Dieses Grundlagentraining scheint bitter nötig zu sein, denn die malische Armee gilt schon seit Jahren als schwach, schlecht ausgerüstet und schlecht ausgebildet. Gegen die Kämpfer der Befreiungsbewegung von Azawad – die MNLA – mussten sich die Soldaten beispielsweise Anfang 2012 geschlagen geben.
Viele Soldaten fürchteten sich davor, im Norden des Landes eingesetzt zu werden. Obwohl Malis Norden trotz französischer Militärintervention noch immer als unsicheres Pflaster gilt, hat Soldat Salif Kouyaté nun aber keine Angst mehr vor einem möglichen Einsatz dort. „Mit dem Material und der Ausbildung, die wir erhalten, ist das kein Problem mehr. Dafür werden wir trainiert“, sagt er und nickt bestätigend mit dem Kopf.
– Malis Soldaten lernen auch Erste-Hilfe-Grundlagen –
Einige 100 Meter weiter scharren sich junge Soldaten um einen malischen Rettungssanitäter. Auf dem Boden liegt einer ihrer Kameraden und spielt das verletzte Opfer. Der Soldat liegt regungslos da. Niemand weiß, ob und wie stark er verletzt ist. Der Ausbilder erklärt Schritt für Schritt, wie man mit einem Verletzten umgeht.
Oberstabsarzt Fabian Spies schaut der Gruppe zu. Ziel sei es, einfache Handgriffe zu vermitteln, die auch dann umgesetzt werden könnten, wenn nur wenig Material vorhanden ist, so Spies.
„Die Soldaten wissen teilweise schon, dass man mit einem Gewehrriemen oder Gürtel eine Blutung stoppen kann“, hat Spies in den vergangenen Tagen beobachtet. Jetzt sollen diese Grundkenntnisse ausgebaut werden.
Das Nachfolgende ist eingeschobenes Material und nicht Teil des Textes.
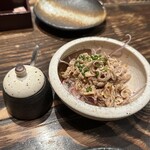 博多 なぎの木 西中洲本店 - 酢モツ、柚子胡椒を添えて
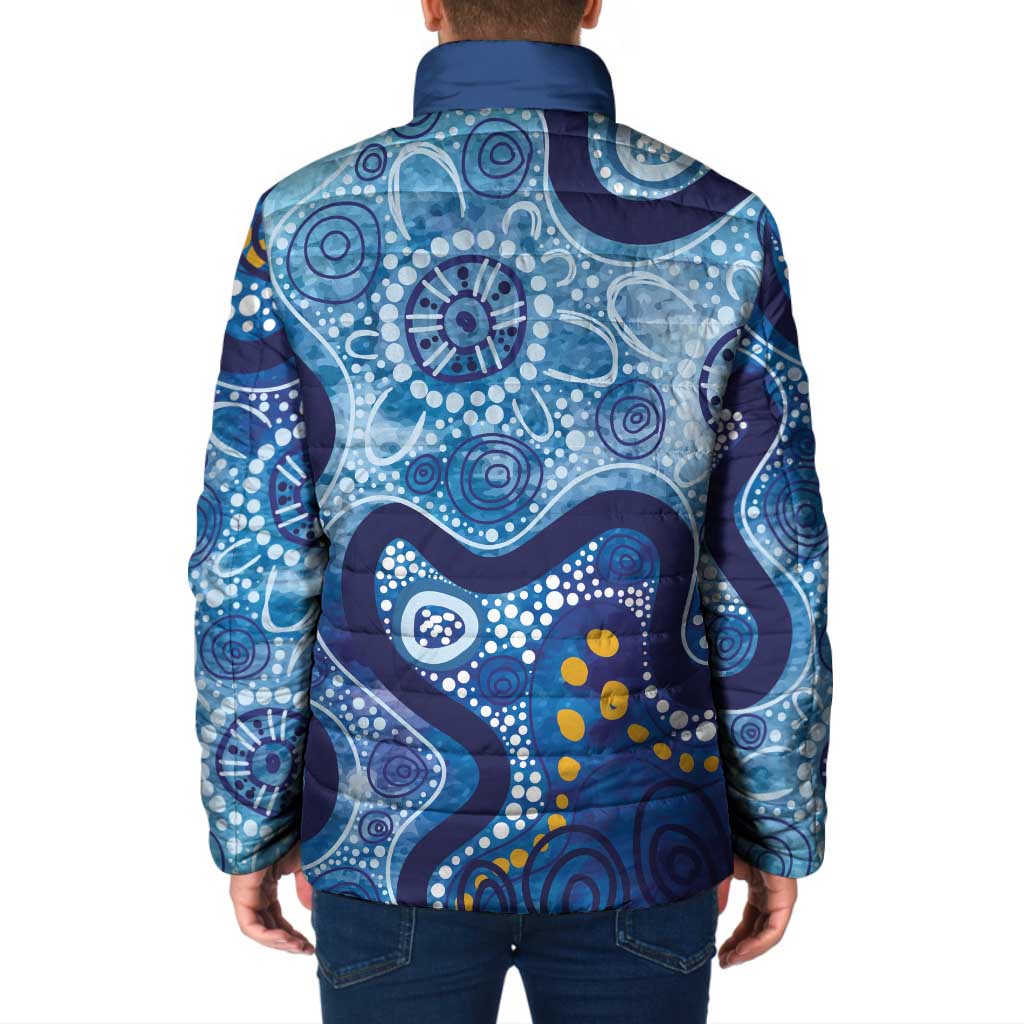 Australia Indigenous Blue Ribbon Padded Jacket Mo Bros Mustache - Aussie Hoodie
Eine solche Grundausbildung in Erster Hilfe sollen nach Möglichkeit alle 2600 Soldaten, die die EUTM-Ausbildung durchlaufen, bis zum derzeit geplanten Ende der Mission im Februar 2014 erhalten. Weitaus spezieller sollen allerdings die Rettungssanitäter und Ärzte weitergebildet werden.
Die malischen Soldaten können sich auch im mobilen Krankenhaus umschauen, in dem auch die Rettungssanitäter ausgebildet werden sollen. Hauptmann Jörg Hein führt durch die Räume des aufblasbaren Krankenhauses mit verschiedenen Abteilungen. Im Ernstfall sollen hier verletzte Soldaten behandelt werden.
Doch hier in Koulikoro geht niemand davon aus, dass es zu solchen Szenarien kommen wird. Die Bundeswehr betont immer wieder, dass sich der Einsatz nicht mit dem in Afghanistan vergleichen lasse. „Die Bedrohungslage bewerten wir hier als sehr gering“, sagt Alexander Müller-Cramer, Kontingentführer in Mali. Es gebe keine Anzeichen für eine konkrete Gefährdung.